You cooked for me there for the first time. Not like me making you spaghetti in my first apartment, just spaghetti all the time, listening to a U2 single on repeat. The time you spilled hot water on your jeans and by the time you got them off there was a big burn on your leg. You made me chicken and pasta and vegetables I had never tasted before. I had never had food like that. I tried to make it once then when you weren’t there and it was watery and inedible. But recently I made something with some of those ingredients and that smell of you cooking came to me, the smell of capers and olives and bay leaves simmering together. It had been years.

You were the kind of boyfriend that people would tell me you were cute, or even beautiful, a lot of the time. Somehow they knew they could say that. Maybe I should have been bothered, but you were all mine. A stranger told me in a bathroom of a restaurant once that you were beautiful, and I said “yes he is,” and I came out and told you. I took so many pictures of you. I’m sure you knew I thought you were exquisite. After we broke up, we were sitting over slices of pizza that I had paid for and I told you you looked like a model. Then I saw you blush. Then it was different. Then I was someone distanced from you, that you weren’t going to spend the rest of your life with.

I bought you the most expensive blended coffee drink in the store, and then gave you my started Coffee Bean & Tea Leaf punch card, like that would make up for ruining both of our lives.

We went to see a movie, like two small ghosts sitting next to each other. Feeling strange that we didn’t feel more strange next to each other I guess, there were still so many of those old threads knitting us close. But there was something wrong with the seats in the theater, and the movie was so long. Our necks were angled uncomfortably; we tried changing seats but it was the same thing. But we both cried at the movie.

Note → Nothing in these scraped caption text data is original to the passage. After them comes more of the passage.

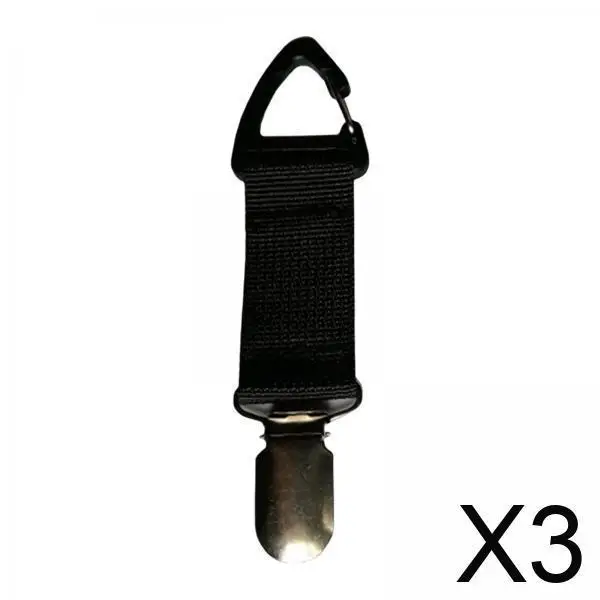 

Travel Hat Clip Compact Cap Holder Lightweight Webbing Accessory for Purse Backpack Sun Hats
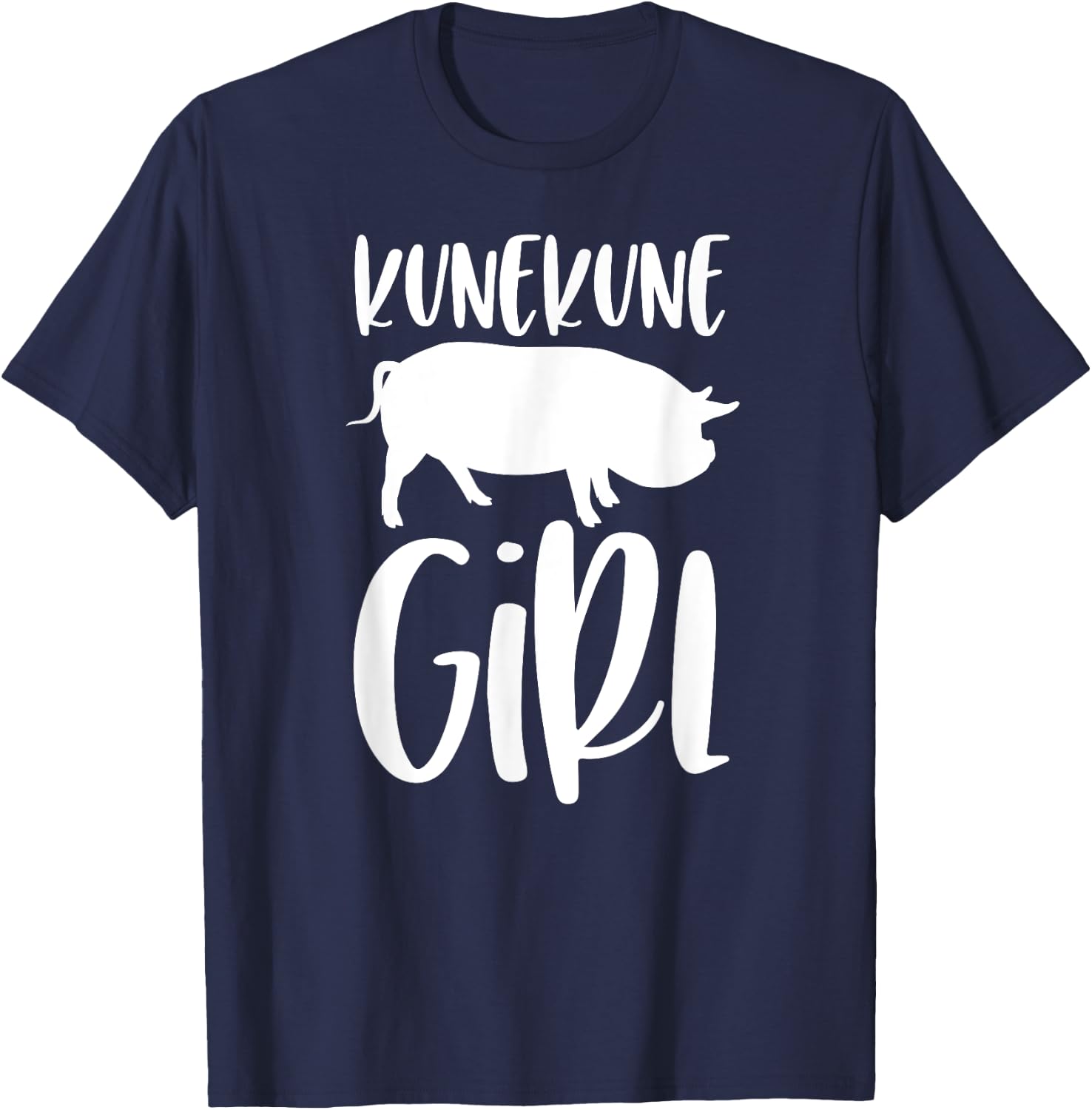Kune Kune Pig Gift - Kunekune Girl T-Shirt - T-Shirt | Navy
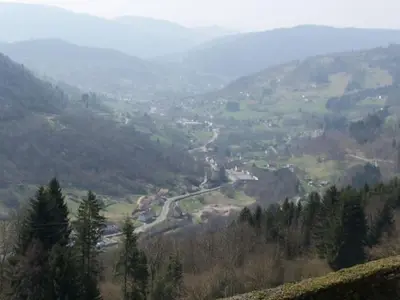 Paysage naturel près de la maison de vacances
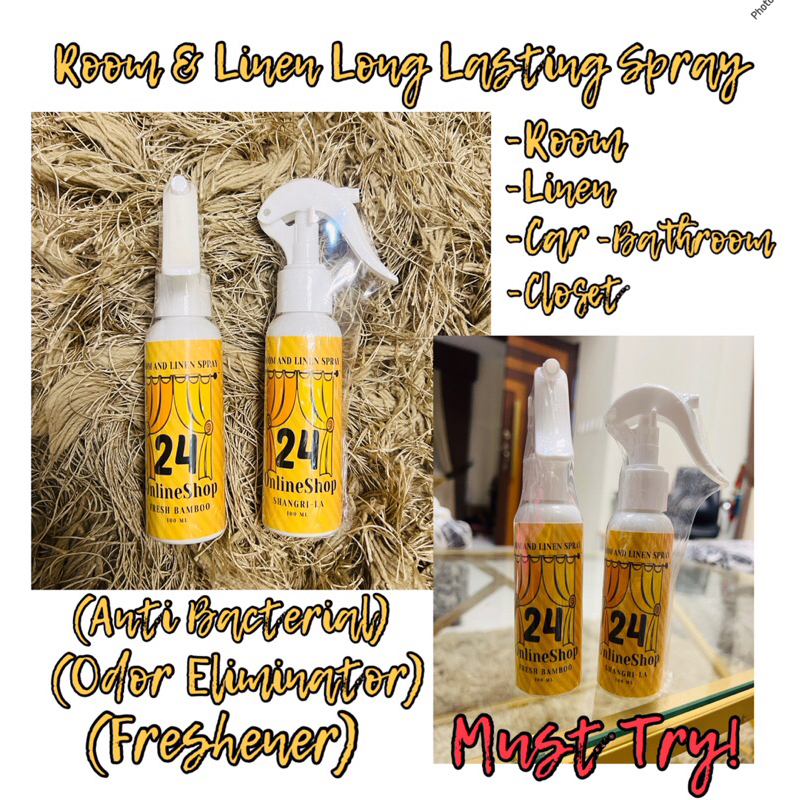 Room & Linen Spray 100ml Long Lasting Spray Shopee Philippines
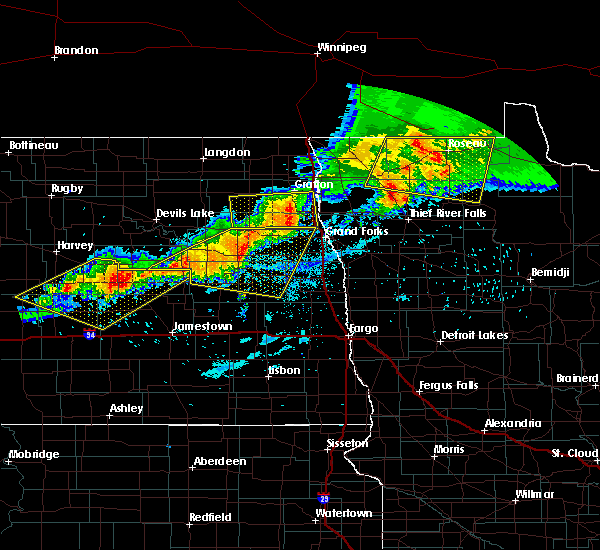 Interactive Hail Maps Hail Map for Warroad, MN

When we were together I remember I had to run to work from the art theater where we had seen Virgin Suicides because we had decided to go to the movies even though we knew it wouldn’t finish in time. Because going to the movies with you was so fun for some reason. Like I always knew you were having the exact same experience as I was. I don’t know how many blocks I ran.

We went walking on Melrose after we broke up. I was wearing this perfect jacket that you had lent me because I just had a t-shirt on. Every time I go to buy a jacket that’s the one I have in my head that I want but I never find anything like it. We were both different from the people we had been, but only in the superficial ways. Like I actually looked through the electronica section in the used cd store, which I never would have done before. And you started talking about an artist I had never heard of whose postcards you had up in your new apartment.

We sat up on the roof of your apartment building and you told me stories that were hysterically funny but I could only laugh a little because I kept thinking that this is the person whose heart I broke, who is so funny and whose perfect jacket I’m wearing, and who doesn’t have any of the same brands in his bathroom now that he doesn’t share things with me. And doesn’t have any food in the fridge. And who has incense burning and is telling me about all these concerts he’s gone to of bands I had only vaguely heard of, some of which I didn’t like, but I didn’t tell you.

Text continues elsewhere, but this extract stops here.